II. Appellant’s Touching of E.A.3
E.A. went to the Spa with her boyfriend on April 10, 2022, for a couples massage.
Appellant was assigned to massage E.A. In preparation, E.A. undressed to her underwear and was
covered with a sheet on the massage table. As appellant massaged E.A.’s back and shoulders, his
hands repeatedly returned to the front part of her throat, even though she was face down on the
table. E.A. felt very uncomfortable with this touching. Even after appellant moved on to focus on
other parts of her body, he kept returning his hands to the front of E.A.’s throat. Appellant also
rubbed his hand back and forth on the side of E.A.’s breast. E.A. did not protest at the time because
3 This opinion describes E.A.’s testimony as it was introduced at appellant’s trial despite the fact that the jury acquitted appellant for the crimes against E.A. -3- she did not want to ruin the experience for her boyfriend. She nevertheless felt “violated” by
appellant’s conduct and did not consent to the offensive touching.
E.A. and her boyfriend left the Spa immediately after the massage. When they got to the
car, E.A. told her boyfriend that appellant had touched her breast and neck repeatedly and that the
experience had been very uncomfortable for her.
III. Appellant’s Touching of K.L.
On May 6, 2022, K.L. and her husband arrived at the Spa for a couples massage. K.L. did
not request a full body massage, but instead asked that the massage therapist focus on her shoulders,
back, and neck. In preparation, K.L. disrobed except for her underwear and was covered by a sheet
draped over her on the massage table.
Appellant performed K.L.’s massage. After working on K.L.’s back, appellant pressed her
head down toward the floor several times, causing her to believe that she would “drool on his feet.”

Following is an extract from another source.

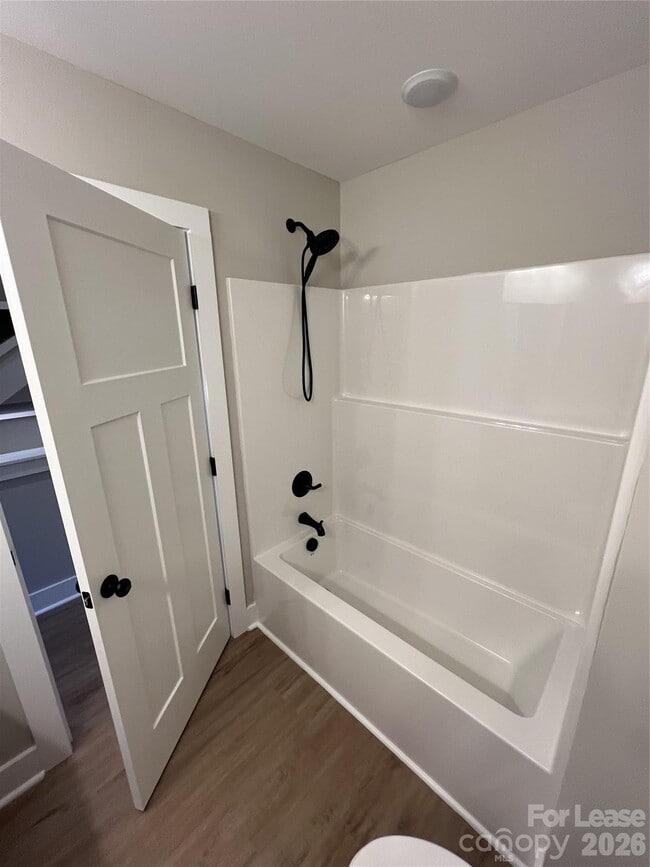 Building Photo - 410 N 4th St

He then touched her breasts on both sides and reached under the sheet and under K.L.’s underwear
to touch her buttocks. After having K.L. turn onto her back, appellant massaged the front of her
shoulders and touched her breasts and nipples. Throughout this time, K.L. was in shock and did not
know how to react. She did not consent to appellant pushing on her neck, rubbing the sides of her
breasts and buttocks, and touching the front of her breasts.
After the massage ended, K.L. and her husband dressed and accepted a glass of wine and a
beer. When they got into their car to drive home, K.L. said she thought she had just been sexually
assaulted. She did not contact the police, however, because she just wanted to put the ordeal behind
her.
IV. Appellant’s Touching of K.D.
On May 28, 2022, K.D. went to the Spa for an hour-long deep tissue massage. Appellant
was her assigned therapist for that massage. When appellant entered the room, K.D. was wearing
-4- only underwear and a bra, but was covered by a sheet draped over the massage table. While
massaging the front of K.D.’s legs, appellant slid his hand under her underwear and penetrated her
vagina with his fingers. K.D. had not consented or suggested that she wanted appellant to penetrate
her with his fingers. Feeling “[s]hocked, nervous, [and] anxious,” K.D. sat up quickly and moved
appellant’s hand away. The massage immediately ended and appellant left the room.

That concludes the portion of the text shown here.